生活クラブの「からし明太子(めんたいこ)」は食品添加物を一切使用していない無添加だ。着色料や発色剤などの添加物を使うのが当たり前の辛子明太子業界において、無添加の明太子を作るのがどれほど難しいか、業界関係者以外にはあまり知られていない。では、なぜ、難しいのか。提携先の泰山食品商行(東京都世田谷区)と製造を担当するイリイチ食品(山口県下関市)の両社長によれば、それは原料であるスケトウダラの卵が「繊細」だからだ。

添加物ありきで発展した業界

これが着色料も発色剤も使っていない明太子の自然な色だ。冷蔵庫で12時間ほどかけてゆっくり解凍することがおいしく食べる秘訣(ひけつ)

生活クラブと泰山食品商行の関係の歴史は長い。1968年、当時は島根県にあった泰山食品商行の前身の会社が、生活クラブに煮干しや昆布などを納めるようになった。それが縁で86年、生活クラブに「無添加の明太子を作れないか」と相談された泰山食品商行は、明太子メーカーの老舗、イリイチ食品に声をかけた。およそ2年もの開発期間を経て、88年、業界初ともいわれる無添加の「からし明太子」は誕生した。

辛子明太子といえば、光沢のある、鮮やかな赤やピンクを思い浮かべる人も多いだろう。だが、真っ白なご飯のうえで映えるあの鮮明な色は、添加物なしには絶対に出せない。色をよくする着色料や発色剤をはじめ、保存料、酸化防止剤、pH調整剤、調味料、甘味料、香料、酸味料、膨張剤、凝固剤など、明太子に使われる添加物をあげればきりがない。また、これら添加物を「魚卵用品質改良剤」と称して一袋にまとめた商品を製造する会社も存在する。添加物の会社とともに発展してきたのが明太子の業界なのだ。

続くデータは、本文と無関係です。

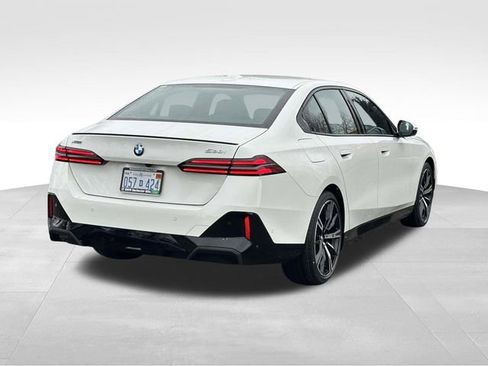 New 2026 BMW 530i xDrive w/ M Sport Package image 4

黄色5号や赤色102号などの着色料は、発がん性が疑われるため、最近はこれらを使わず、「無着色」と表示する明太子が増えた。その表示を見て安心と思う消費者もいるかもしれないが、「無着色」と表示されている明太子も、ほとんどの場合、発色剤を使っている。発色剤として使われる亜硝酸ナトリウムは、魚に多く含まれる第2級アミンと反応して、ニトロソアミンという物質に変わる。このニトロソアミンは、発がん性物質の疑いが強いとされている。
「だけど実によくできています。発色剤を使えば本当においしそうに見えます」とイリイチ食品の代表取締役社長・髙井顕(たかいあきら)さんは複雑な心境を打ち明ける。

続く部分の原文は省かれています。